Uma esquadra turca foi destruída em Sinope, a 30 de novembro, pela frota russa do Mar Negro. A 3 de Janeiro de 1854, com autorização dos Turcos, as esquadras francesa e britânica atravessaram os estreitos e entraram no Mar Negro. Foram desencadeadas ações diplomáticas para obrigar os Russos abandonarem os territórios conquistados, mas sem resultado. A 10 de abril, a França e o Reino Unido assinaram um tratado de aliança a que aderiu também a Turquia e, no dia seguinte, a Rússia declarou guerra à França e ao Reino Unido. Tinha início a Guerra da Crimeia que opôs a França, o Reino Unido e a Turquia contra a Rússia. A partir de janeiro de 1855, ao Reino da Sardenha entrou na guerra ao lado das Potências aliadas.

A Guerra da Crimeia terminou com a derrota da Rússia que foi obrigada a aceitar os termos do armistício assinado em Paris a 28 de fevereiro de 1856 e do Tratado de Paris de 30 de março desse ano.
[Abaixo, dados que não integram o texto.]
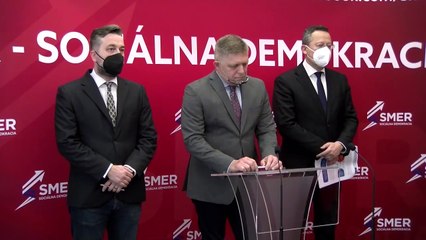 TK strany Smer - SD - Aktuálne politické dianie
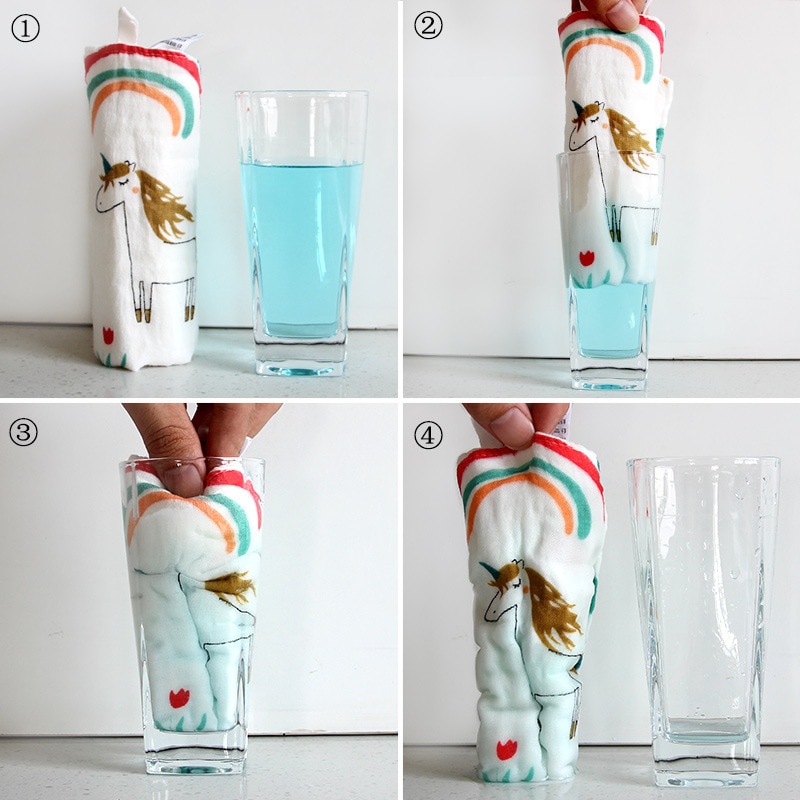 Toalla de saliva bebé de algodón con dibujos animados para niños, pañuelo cuadrado para alimentación de bebé, toalla de lavado de cara, toalla de mano, 3 uds.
Este tratado era composto por trinta e cinco artigos, uma Convenção relativa aos Estreitos do Bósforo e de Dardanelos e uma Convenção relativa «ao número e à força dos navios de guerra que as Potências costeiras manterão no Mar Negro». O artigo 10.º do Tratado de Paris referia que as normas estabelecidas no Tratado de Londres de 13 de Julho de 1841 – sobre o encerramento dos Estreitos – eram revistas por comum acordo das Potências signatárias (do Tratado de Paris de 1856) e remetia o texto com as alterações adotadas para uma Convenção em anexo, a Convention des Dètroits cujo artigo 1.º estipulava o seguinte:

«ARTICLE PREMIER. – Sa Majesté le Sultan, d’une part, declare qu’il a la ferme résolution de maintenir, à l’avenir, le principe invariablement établi comme règle de son Empire, et en vertu duquel il a été de tout temps défendu aux bâtiments de guerre des Puissances étrangères d’entrer dans les détrits des Dardanelles et du Bosphore, et que, tant que la Porte se trouve en paix, Sa Majesté n’admettra aucun bâtiment de guerre étranger dans les dits détroits.

Et Leur Majestés l’Empereur des Français, l’Empereur d’Autriche, la Reine du Royaume-Uni, de la Grande-Bretagne et d’Irlande, le Roi de Prusse, l’Empereur de toutes les Roussies et le Roi de Sardaigne, de l’autre part, s’engagent à respecter cette détermination du Sultan et à se conformer au principe ci-dessus énoncé.»

Para além das restrições ao trânsito de navios de guerra nos Estreitos, o Tratado de Paris estipulava no seu artigo 11º que o Mar Negro ficaria “neutralizado”, ou seja, eram impostas limitações severas à existência de meios navais de guerra naquele mar. A Convenção relativa ao Mar Negro, em anexo ao Tratado, definia os termos dessas restrições:

«ARTICLE PREMMIER. – Les Hautes Parties contractantes s’engagent mutuellment à n’avoir dans la mer Noire d’autres bâtiments de guerre que ceux dont le nombre, la force et les dimensions sont stipulés ci-après.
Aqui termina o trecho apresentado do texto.